Web page caption snippets:
************

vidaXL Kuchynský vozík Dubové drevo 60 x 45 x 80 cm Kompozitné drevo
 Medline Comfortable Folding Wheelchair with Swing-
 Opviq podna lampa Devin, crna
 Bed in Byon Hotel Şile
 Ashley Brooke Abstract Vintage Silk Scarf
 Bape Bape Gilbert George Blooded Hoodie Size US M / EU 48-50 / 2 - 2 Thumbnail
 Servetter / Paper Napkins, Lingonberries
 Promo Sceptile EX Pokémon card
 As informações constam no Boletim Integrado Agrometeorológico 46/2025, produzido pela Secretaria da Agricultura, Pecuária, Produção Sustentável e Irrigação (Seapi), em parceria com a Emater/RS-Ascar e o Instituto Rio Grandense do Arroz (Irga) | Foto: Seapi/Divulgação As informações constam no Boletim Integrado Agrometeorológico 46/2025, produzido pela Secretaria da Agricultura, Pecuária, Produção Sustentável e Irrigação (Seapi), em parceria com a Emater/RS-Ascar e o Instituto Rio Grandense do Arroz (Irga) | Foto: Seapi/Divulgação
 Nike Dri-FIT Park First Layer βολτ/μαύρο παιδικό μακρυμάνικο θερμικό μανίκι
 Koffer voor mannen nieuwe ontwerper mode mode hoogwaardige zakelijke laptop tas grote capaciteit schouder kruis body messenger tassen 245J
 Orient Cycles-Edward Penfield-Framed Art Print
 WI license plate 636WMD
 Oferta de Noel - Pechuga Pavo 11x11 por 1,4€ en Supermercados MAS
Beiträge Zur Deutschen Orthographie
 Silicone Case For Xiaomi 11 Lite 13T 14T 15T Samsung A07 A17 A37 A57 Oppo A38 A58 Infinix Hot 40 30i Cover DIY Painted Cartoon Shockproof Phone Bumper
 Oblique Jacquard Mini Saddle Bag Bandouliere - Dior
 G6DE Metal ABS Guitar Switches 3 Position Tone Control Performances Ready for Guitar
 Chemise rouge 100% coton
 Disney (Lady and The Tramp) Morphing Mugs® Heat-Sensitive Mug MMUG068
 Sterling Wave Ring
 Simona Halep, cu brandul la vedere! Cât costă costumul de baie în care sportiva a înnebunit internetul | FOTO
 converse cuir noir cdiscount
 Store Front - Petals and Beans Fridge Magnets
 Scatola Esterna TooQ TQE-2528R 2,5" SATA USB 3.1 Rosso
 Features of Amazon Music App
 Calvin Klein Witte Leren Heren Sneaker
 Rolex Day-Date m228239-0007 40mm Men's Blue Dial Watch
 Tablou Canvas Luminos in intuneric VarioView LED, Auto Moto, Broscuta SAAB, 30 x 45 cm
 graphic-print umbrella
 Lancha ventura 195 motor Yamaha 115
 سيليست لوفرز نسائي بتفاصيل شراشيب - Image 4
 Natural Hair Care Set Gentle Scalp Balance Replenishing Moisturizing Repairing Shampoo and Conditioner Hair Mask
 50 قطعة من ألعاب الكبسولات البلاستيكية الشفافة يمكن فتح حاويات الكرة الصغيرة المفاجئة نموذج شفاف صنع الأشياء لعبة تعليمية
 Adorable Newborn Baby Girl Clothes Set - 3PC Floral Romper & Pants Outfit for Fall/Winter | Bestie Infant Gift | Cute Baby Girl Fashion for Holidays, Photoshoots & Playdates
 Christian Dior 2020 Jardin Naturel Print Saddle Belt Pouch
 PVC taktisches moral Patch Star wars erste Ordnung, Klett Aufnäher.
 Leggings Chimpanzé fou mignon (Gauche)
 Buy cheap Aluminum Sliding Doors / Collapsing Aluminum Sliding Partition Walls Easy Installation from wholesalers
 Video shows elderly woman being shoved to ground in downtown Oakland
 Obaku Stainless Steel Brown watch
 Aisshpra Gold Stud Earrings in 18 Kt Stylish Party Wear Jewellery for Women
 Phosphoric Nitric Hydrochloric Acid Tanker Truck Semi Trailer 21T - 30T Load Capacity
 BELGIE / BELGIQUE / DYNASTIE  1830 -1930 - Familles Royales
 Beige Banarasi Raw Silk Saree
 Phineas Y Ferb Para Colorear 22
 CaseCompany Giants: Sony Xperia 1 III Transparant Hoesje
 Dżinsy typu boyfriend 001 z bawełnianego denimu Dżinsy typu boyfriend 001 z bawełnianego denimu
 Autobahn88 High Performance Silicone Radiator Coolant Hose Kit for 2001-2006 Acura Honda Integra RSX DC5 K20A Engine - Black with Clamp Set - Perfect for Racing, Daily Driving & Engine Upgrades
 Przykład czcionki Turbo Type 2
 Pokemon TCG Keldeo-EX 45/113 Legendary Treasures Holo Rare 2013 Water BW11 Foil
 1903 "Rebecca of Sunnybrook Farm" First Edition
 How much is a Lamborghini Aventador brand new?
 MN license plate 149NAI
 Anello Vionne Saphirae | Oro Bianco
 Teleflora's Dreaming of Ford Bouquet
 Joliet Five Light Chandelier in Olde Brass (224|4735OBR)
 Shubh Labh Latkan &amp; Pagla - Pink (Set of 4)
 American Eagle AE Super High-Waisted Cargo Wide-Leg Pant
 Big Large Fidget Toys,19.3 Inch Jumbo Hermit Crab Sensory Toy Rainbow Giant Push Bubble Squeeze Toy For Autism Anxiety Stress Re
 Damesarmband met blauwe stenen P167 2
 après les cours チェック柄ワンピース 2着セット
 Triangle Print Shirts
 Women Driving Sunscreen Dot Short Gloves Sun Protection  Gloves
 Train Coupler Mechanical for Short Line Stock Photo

************

Work required:
In the entries above, find the line with "Natural Hair Care" and the line with "PVC taktisches moral", then set down exactly those two and every line between them, nothing else.

Solved exercise:
 Natural Hair Care Set Gentle Scalp Balance Replenishing Moisturizing Repairing Shampoo and Conditioner Hair Mask
 50 قطعة من ألعاب الكبسولات البلاستيكية الشفافة يمكن فتح حاويات الكرة الصغيرة المفاجئة نموذج شفاف صنع الأشياء لعبة تعليمية
 Adorable Newborn Baby Girl Clothes Set - 3PC Floral Romper & Pants Outfit for Fall/Winter | Bestie Infant Gift | Cute Baby Girl Fashion for Holidays, Photoshoots & Playdates
 Christian Dior 2020 Jardin Naturel Print Saddle Belt Pouch
 PVC taktisches moral Patch Star wars erste Ordnung, Klett Aufnäher.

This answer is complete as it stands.